An Empty Palace
Greg Porter was a man of wealth and esteem, yet like so many of them, he was cold and unfeeling. He had come from a humble beginning and worked his way up the corporate ladder. Now he was the king. Though to most, the American Dream was a cruel unreachable joke, to him, it was a triumphant, beautiful reality. A testament to his work ethic, his ingenuity. His fortunes in technology had endowed him a wonderful life. The dream, to him, was a truth, sweet and divine. Its flavors were rich, mirroring his status in life – full of money, luxury, and power. It was a joyful life, but it did not last. That joy was taken from him, one night, twelve years before.
It was a hot summer evening, the cocktail party was well underway. The girls were upstairs, safely locked away. Greg called them his babies, though they were five and six years of age. Cindy and Katherine could talk, walk, and even write simple words by sounding them out on the alphabet, like cat and machine. They were intelligent, fast-learners, as prodigious in mind as their father and mother. When the guests began to flood in, Greg instructed them to stay put in their room while father shmoozed with the Silicon Valley elite. Genius programmers and start-up wunderkinds were the stars of the evening. It was a night to remember.
When the final guest had gone, Greg and his wife climbed up the stairs to kiss their daughters goodnight with their martini-singed lips.

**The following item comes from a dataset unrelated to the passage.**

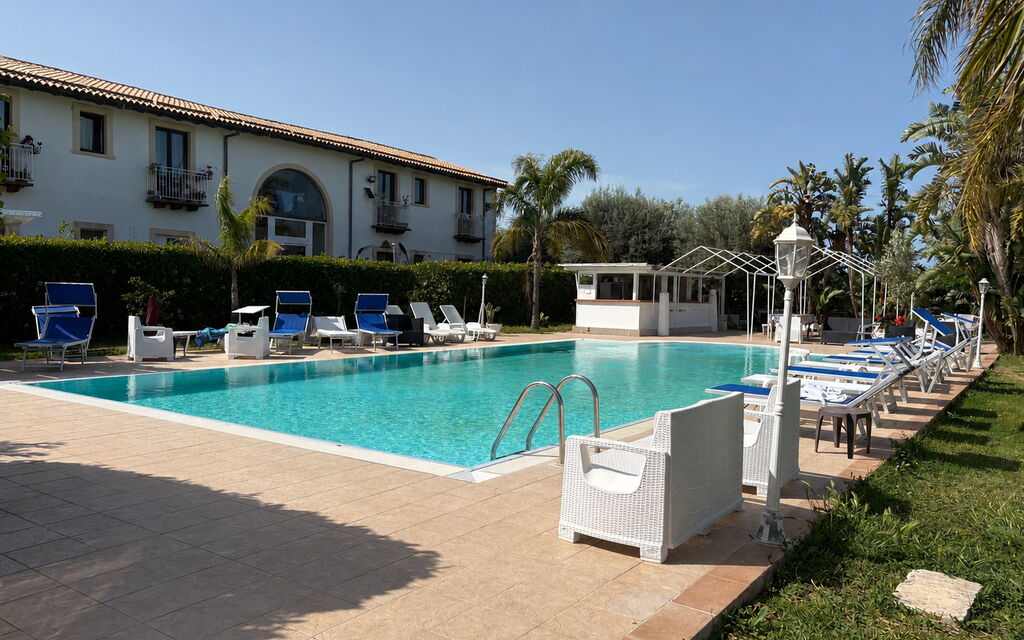 Villa Gertrude: Autunno, Estate, Piscina, Primavera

They opened the royal blue door to the big pink bedroom, where the girls slept on mahogany bunk beds. Their heights were penciled on the wall, and plush ponies adorned the carpeted floor. To their stark, unbridled terror, Greg and Mindy saw that the girls were gone. Vanished. Nowhere to be found.

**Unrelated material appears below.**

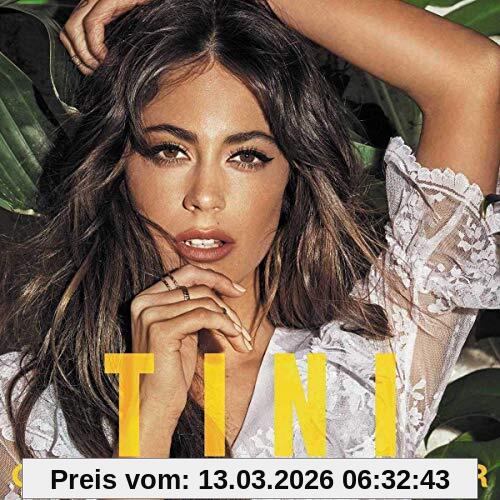 Tini Quiero Volver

They searched for hours, frantically calling friends, neighbors, and all the guests. They called the police. A search team went out. They searched through every nook and every cranny of this gargantuan house. Nothing. Soon the desperation came. Through pleas on TV and news outlets, they called out for the safe return of their adorable daughters. Sympathy was gained for these poor rich folk. But money and publicity did no good in the arena of missing children. Weeks turned to months, and months turned to years. Greg and Mindy’s marriage went through so much turmoil. Blame was thrown, words were said, and soon a once vivid romance had been sullied with traumatic resentment. Now, Greg was alone.
His mansion, with its royal Spanish architecture, its tropical trees and wild turkeys and geese, six bedrooms, eight baths, a sauna, a spa, and a personal movie theater; from the stateliness of its elegant kitchen to the palatial splendor of its chandelier-laden dining room, had become barren. Marvelous and enviable as it was, it now brought Greg nothing but bitter resentments and unbearable anguish. There was no more glory in his achievements. Only nothingness. Often he would spend days quietly wandering from one corner of the house to the next, listening to the sound of his footsteps echoing across the empty estate. On other days, he’d sit for hours at a time, staring down at the marble floors until he fell asleep, only to wake up in the middle of the night. He would order cheap pizzas and eat it in his theater, while he spent the rest of the evening dispassionately watching marathons of tawdry TV and infomercial drivel.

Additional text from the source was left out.